Semdistflow: Semantic distance from natural language samples

Semdistflow is designed to read in one or more language transcripts, clean and format them, and then output a vector of semantic distances corresponding to every running bigram in the language sample. For example, let’s say you have a text file composed of just one sentence:

readme() reads the txt file into R, appends a document id based on its filename and formats the text as a dataframe.
cleanme() uses many regular expressions to clean and format the text. These include omitting contractions, converting to lowercase, omitting numbers, omitting stopwords, etc.
distme() computes two metrics of semantic distance for each running pair of words in the language sample you just cleaned. These are outputted as a vector of word pairs.

Step 1: Prep your texts

Semdistflow works on language transcripts formatted as txt files. The first function you will use readme() will append the filename of each txt file as a document_id to the subsequent dataframe that is read into R. This allows users to run many distinct documents at once, maintaining independence of each language transcript.

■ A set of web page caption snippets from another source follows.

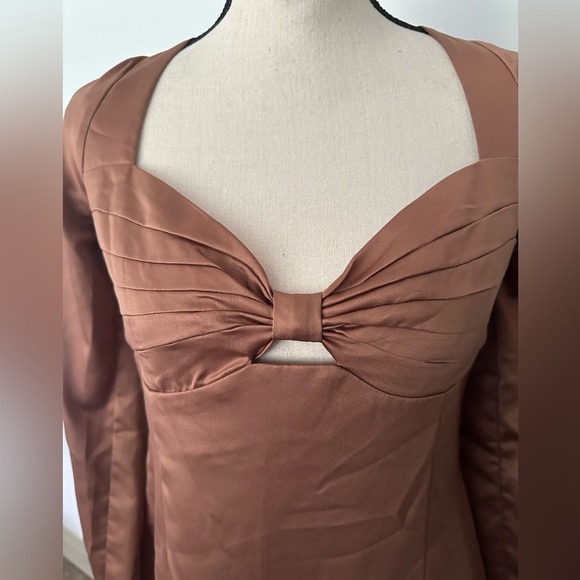 Dynamite NWT brown satin silk look mini bodycon dress size Medium - Picture 4 of 10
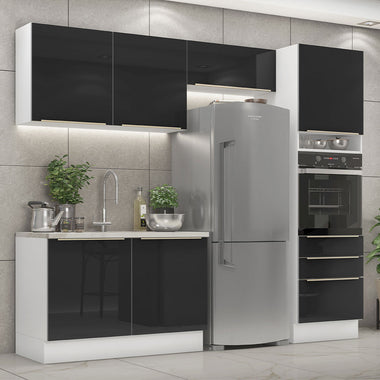 Cocina Integral 260 cm Con Mueble para Horno Blanco/Negro Lux Madesa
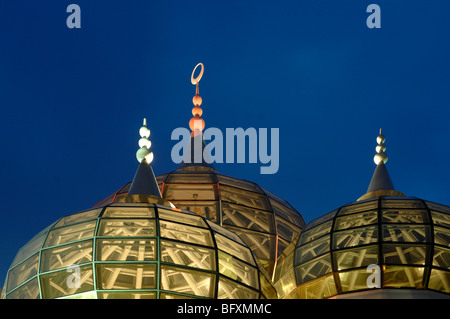 Transparent Lit Glass Domes of the All-Glass Crystal Mosque, or Masjid Kristal, at Night, Kuala Terengganu, Malaysia Stock Photo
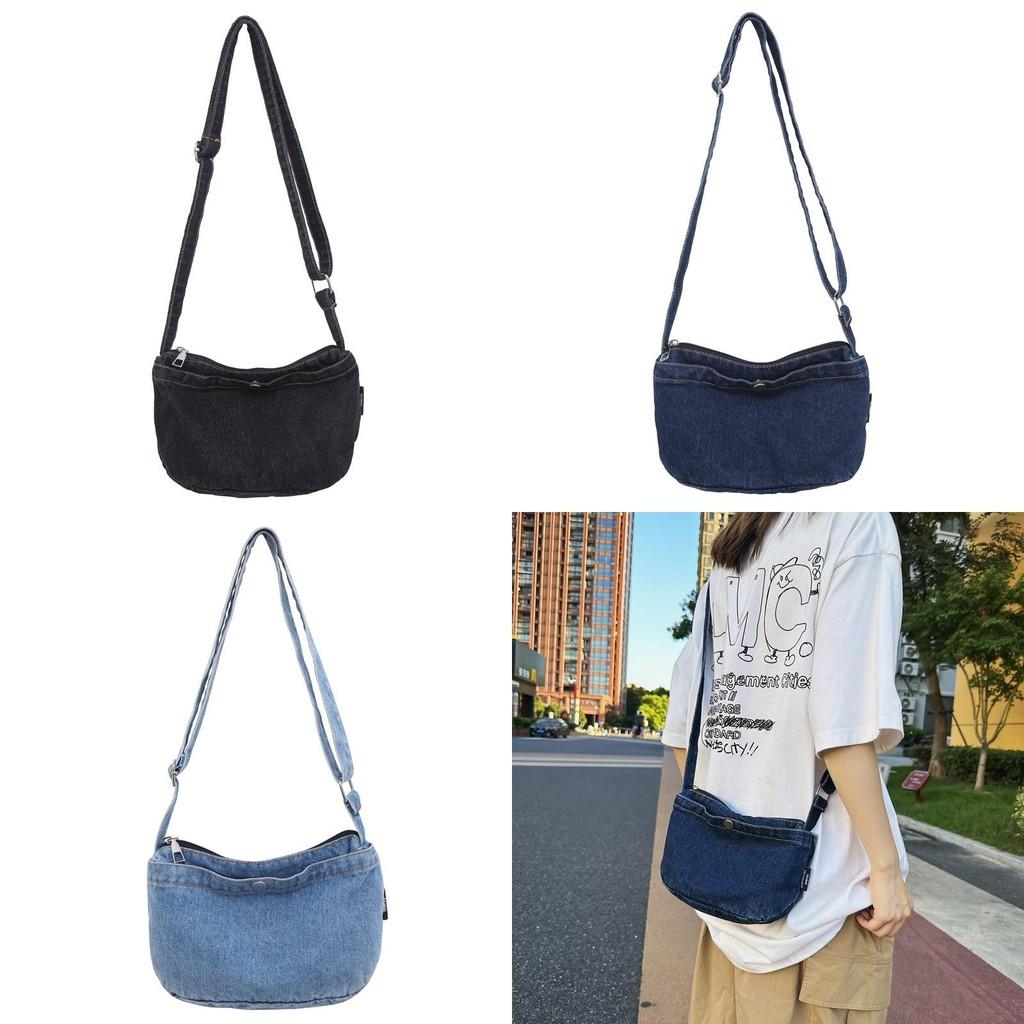 Casual Denim Mini Shoulder Bag With Inner Zipper Pocket For Daily Use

We recommend being systematic and deliberate about your processing pipeline and filenaming conventions. Language transcripts can easily proliferate. A sensible approach is to create a folder such as ‘my_texts’ in the project directory where you plan on processing your big text analysis project. Store your preprocessed files in that folder. Nominally, setting up a structure like this is probably a good idea.

Remember that readme() will look for any txt file in whatever folder name you specify, so it is important that once you are finished processing a txt file that you move it out of ‘my_texts’ into another folder of your choice (e.g., ‘texts_processed’).

You have several options when reading text files into R using our readme() function. If you just run ‘readme()’, R will look for any text files in your root directory. In contrast, the more systematic approach would be to dump your target files into a specific subfolder you create (my_texts) and call the function within that folder using:

readme(./my_texts)

Step 2: readme() read in your texts

mytexts <- readme()  #all text files in the root directory
mytexts <- readme(./my_texts)  #all text files in the 'my_texts' folder of your directory

If readme() did its job, the resulting dataframe will have two columns “doc_id” and “doc_text”. The doc_id is a distinct identifier corresponding to the filename of each text file you read into R. The doc_text corresponds to the raw (uncleaned and untouched) text within text file. The output should have a structure like this:

As you can see, R read in the text file, appended a doc_id and inputted the raw text under the column name, doc_text. Getting data into R is often half the battle, especially when working with string data. It’s not crucial that you use the readme() function. You can use semdistflow to clean and compute distance on any character vector as long as it is nested within a dataframe with column names “doc_id” and “doc_text”. Any other document identifiers will be retained but ignored in subsequent steps.

For the intrepid, here’s the code that operates under the hood of readme()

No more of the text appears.